### Work instruction
With the pictures omitted, repeat exactly the lines below starting with the line that has "La sagoma di" and going on through the line that has "Front view of".

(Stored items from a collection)
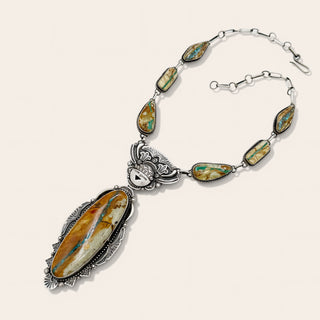 Necklace with large stone pendants on a white background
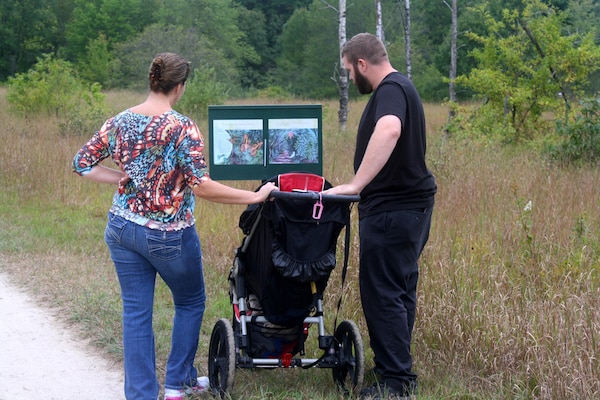 Parents read the story panel to their young child as they made their way through the story walk.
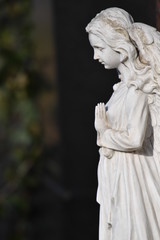 Sculpture of a praying angel on a tomb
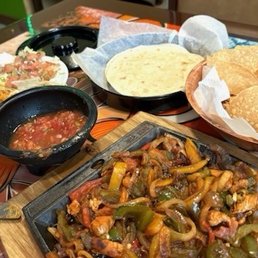 Chicken Fajitas. Cheese dip, salsa and chips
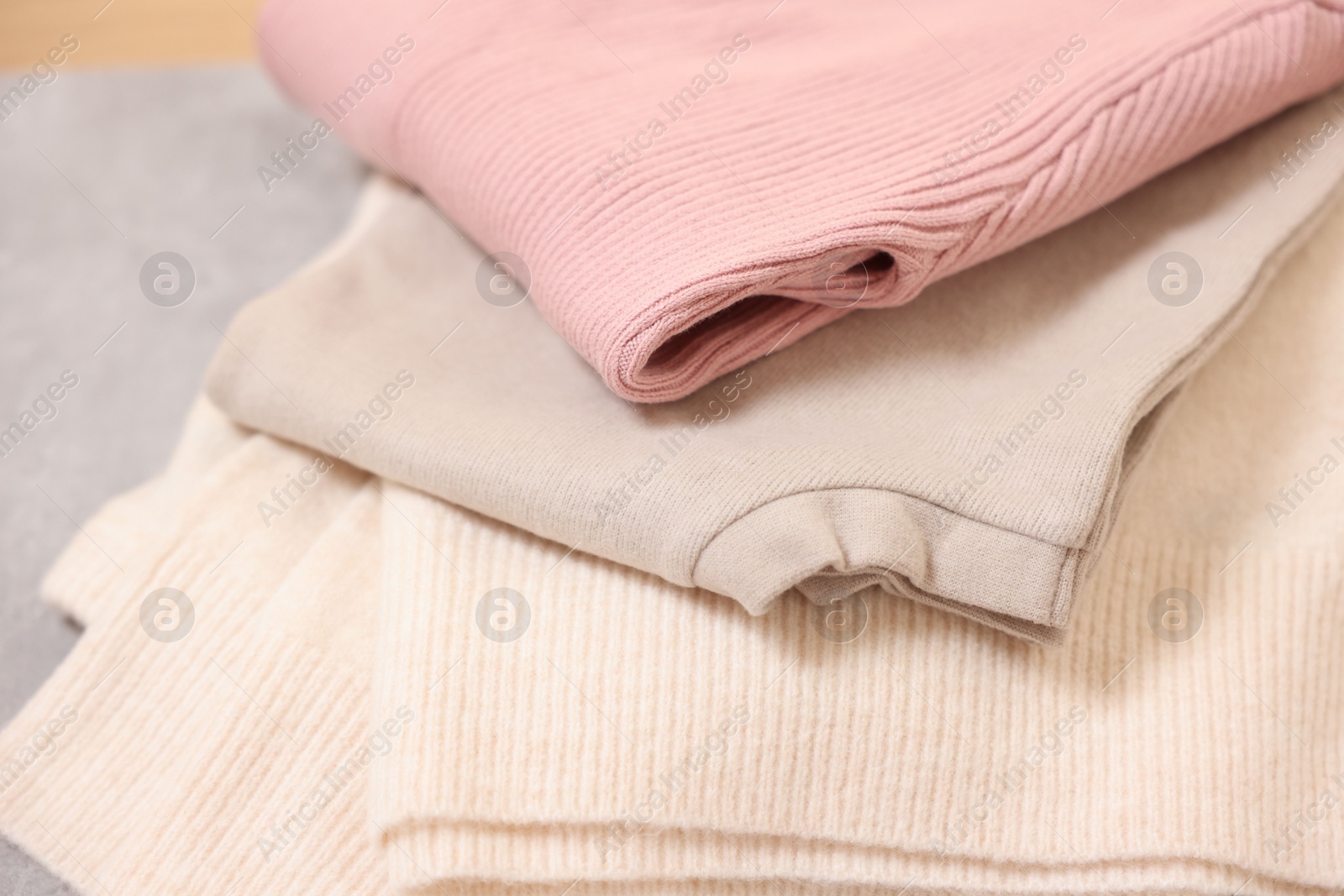 Photo of Stack of folded clothes on grey table, closeup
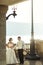 Sensual married couple bride and groom posing at sunset on balcony sea background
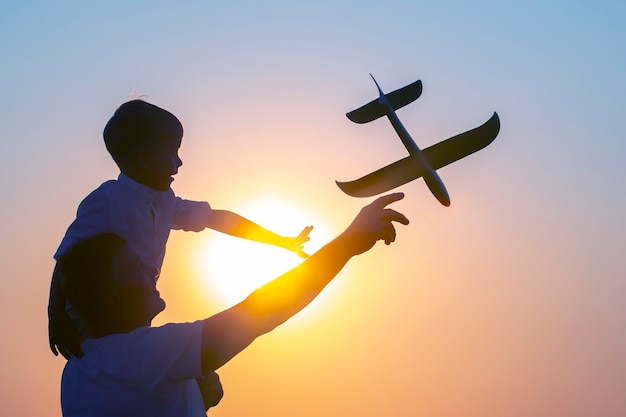 La sagoma di un ragazzo, seduto sulla spalla di suo padre, lancia un aeroplano modello nel cielo della sera sullo sfondo del sole al tramonto. Il sogno dei bambini di un futuro pilota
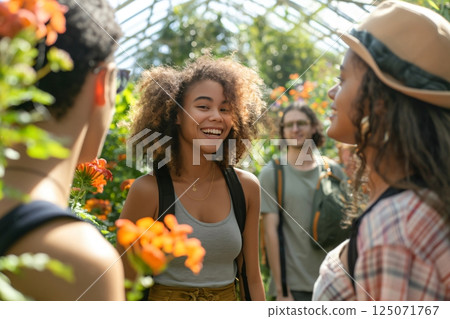 Four happy young people enjoying a sunny day out at a botanical garden, talking and laughing together 125071767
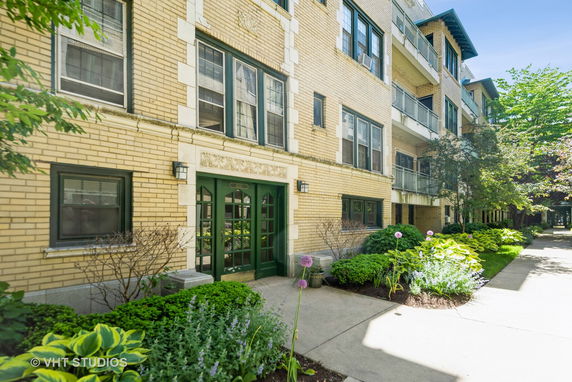 Front view of a multi-story brick apartment building with green doors and windows.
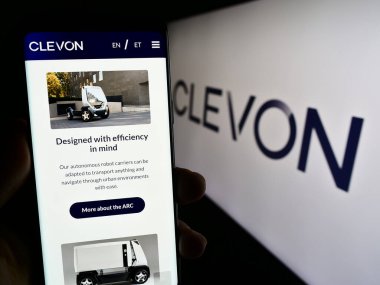 Stuttgart, Almanya - 08-05-2023: Estiyonyalı otonom araç şirketi Clevon AS 'in web sayfası ile akıllı telefon sahibi kişi logolu ekranda. Telefon ekranının merkezine odaklan.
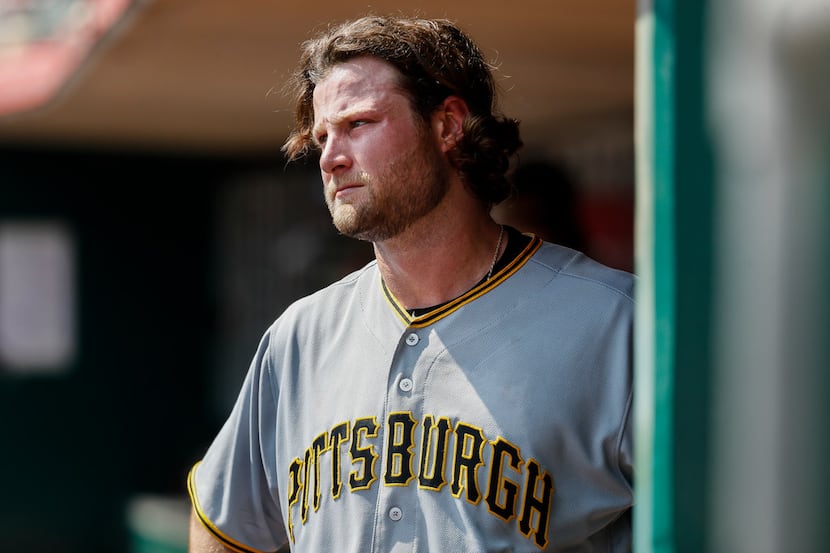 Pittsburgh Pirates starting pitcher Gerrit Cole paces in the dugout after being relieved...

### Exercise result
 La sagoma di un ragazzo, seduto sulla spalla di suo padre, lancia un aeroplano modello nel cielo della sera sullo sfondo del sole al tramonto. Il sogno dei bambini di un futuro pilota
 Four happy young people enjoying a sunny day out at a botanical garden, talking and laughing together 125071767
 Front view of a multi-story brick apartment building with green doors and windows.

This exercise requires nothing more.